Le code général des impôts a ses propres critères pour déterminer ce qu’est une œuvre d’art en matière de photographie. Quel est l’intérêt et comment cela fonctionne-t-il ?
Dans le cadre de l’émission « Parole à l’œuvre», Pierre Gelin-Monastier recevait Viviane Esders. Ils évoquaient ensemble les 30 premiers tirages d’une photo comme œuvre d’art. Ma curiosité a été piquée et je vous propose de revenir sur cette notion.
Bien sûr, toute photographie peut être considérée comme œuvre d’art. Il n’y a rien de plus subjectif que l’appréciation du spectateur envers l’image fixée. Il sera sensible à l’objet photographié, à la technique employée, à l’angle de vue, la lumière, la construction globale ou que sais-je encore.
Autant vous dire que les services fiscaux ont d’autres méthodes pour déterminer ce qu’est une œuvre d’art. L’article 98 A de l’annexe 3 du Code général des impôts (CGI) explique quelles photographies peuvent être considérées comme œuvre d’art. Plusieurs conditions sont à réunir. Il faut que la photographie prise par l’artiste soit tirée par lui ou tirée sous son contrôle. Elle doit être signée par lui. Et elle doit être numérotée dans la limite de trente exemplaires, tous formats et supports confondus.
Un mot en passant sur le certificat d’authenticité : c’est une pratique et non une obligation légale. Nous resterons donc sur les seules obligations légales.
Voici donc un photographe qui vend les trente premiers tirages de sa photo. Conséquence pour lui, sauf s’il bénéficie de la franchise en base de TVA, il applique un taux réduit de 5,5 %, ce qui lui permet de reverser moins à l’État (article 278-0 bis du CGI). Quelles conséquences pour l’acquéreur ? S’il s’agit d’une entreprise soumise à l’impôt sur les sociétés ou à l’impôt sur le revenu dans la catégorie des bénéfices industriels et commerciaux, elle peut déduire le prix d’acquisition de son résultat imposable. Évidemment, ça ne marche pas pour les négociants, galeries d’art ou toute entreprise intervenant dans les transactions d’œuvres d’art. Attention : l’entreprise doit exposer ou faire exposer l’œuvre pendant au moins cinq ans. L’œuvre ne peut pas finir dans les salles de réunion, sauf à perdre le bénéfice de la déduction fiscale. S’il s’agit d’un particulier, autant vous dire que seuls les plus aisés en tireront fiscalement un profit puisque l’œuvre sera exclue de l’assiette de calcul de l’impôt sur la fortune immobilière. Pour les autres particuliers, qui ne payent pas l’impôt sur la fortune immobilière, pas de conséquence fiscale.
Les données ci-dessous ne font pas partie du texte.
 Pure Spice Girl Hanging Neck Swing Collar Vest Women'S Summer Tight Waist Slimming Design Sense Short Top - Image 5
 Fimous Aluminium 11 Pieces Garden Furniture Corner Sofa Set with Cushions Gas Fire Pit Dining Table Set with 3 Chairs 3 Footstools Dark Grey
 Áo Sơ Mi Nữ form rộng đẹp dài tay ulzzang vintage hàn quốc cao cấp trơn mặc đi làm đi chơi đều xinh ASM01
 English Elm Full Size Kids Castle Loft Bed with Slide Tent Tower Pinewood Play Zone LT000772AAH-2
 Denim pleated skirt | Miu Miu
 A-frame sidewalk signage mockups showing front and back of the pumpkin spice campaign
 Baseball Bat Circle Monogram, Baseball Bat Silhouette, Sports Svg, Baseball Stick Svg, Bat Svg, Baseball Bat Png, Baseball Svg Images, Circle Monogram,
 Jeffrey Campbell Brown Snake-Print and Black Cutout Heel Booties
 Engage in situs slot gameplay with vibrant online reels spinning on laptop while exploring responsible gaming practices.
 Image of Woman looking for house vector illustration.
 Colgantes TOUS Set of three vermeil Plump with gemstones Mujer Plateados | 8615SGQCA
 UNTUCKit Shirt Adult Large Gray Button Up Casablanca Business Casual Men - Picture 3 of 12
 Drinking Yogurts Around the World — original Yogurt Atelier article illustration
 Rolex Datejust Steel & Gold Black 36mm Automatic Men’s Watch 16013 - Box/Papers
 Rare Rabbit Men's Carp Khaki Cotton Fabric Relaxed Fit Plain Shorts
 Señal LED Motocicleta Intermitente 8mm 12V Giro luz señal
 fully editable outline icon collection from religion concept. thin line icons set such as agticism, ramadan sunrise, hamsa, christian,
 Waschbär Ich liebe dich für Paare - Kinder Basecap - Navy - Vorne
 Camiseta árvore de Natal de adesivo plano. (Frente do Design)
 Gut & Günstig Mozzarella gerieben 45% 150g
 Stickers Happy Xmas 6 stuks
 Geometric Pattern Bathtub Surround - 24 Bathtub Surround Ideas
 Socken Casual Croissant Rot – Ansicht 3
Maintenant, est-ce que le dépassement des trente exemplaires va avoir des conséquences ? Pour l’auteur, une conséquence certaine, toujours sauf franchise en base de TVA, est qu’il ne peut plus vendre avec un taux réduit de TVA et qu’il devra donc appliquer le taux de 20 %. Pour l’acquéreur, la conséquence risque d’être dans la valeur marchande de l’œuvre. S’il possède un des seuls trente tirages existants de la photo, ce tirage a plus de valeur que s’il existe mille tirages de la photo par ailleurs. Bien sûr, il conserve plus de valeur que les tirages suivants non numérotés ou numérotés après trente. C’est donc au photographe de se poser la question de la valeur marchande de sa photo par rapport au nombre de tirages qu’il en fait. Ce qui jouera également sur sa réputation et le prix de ses prochaines œuvres d’art.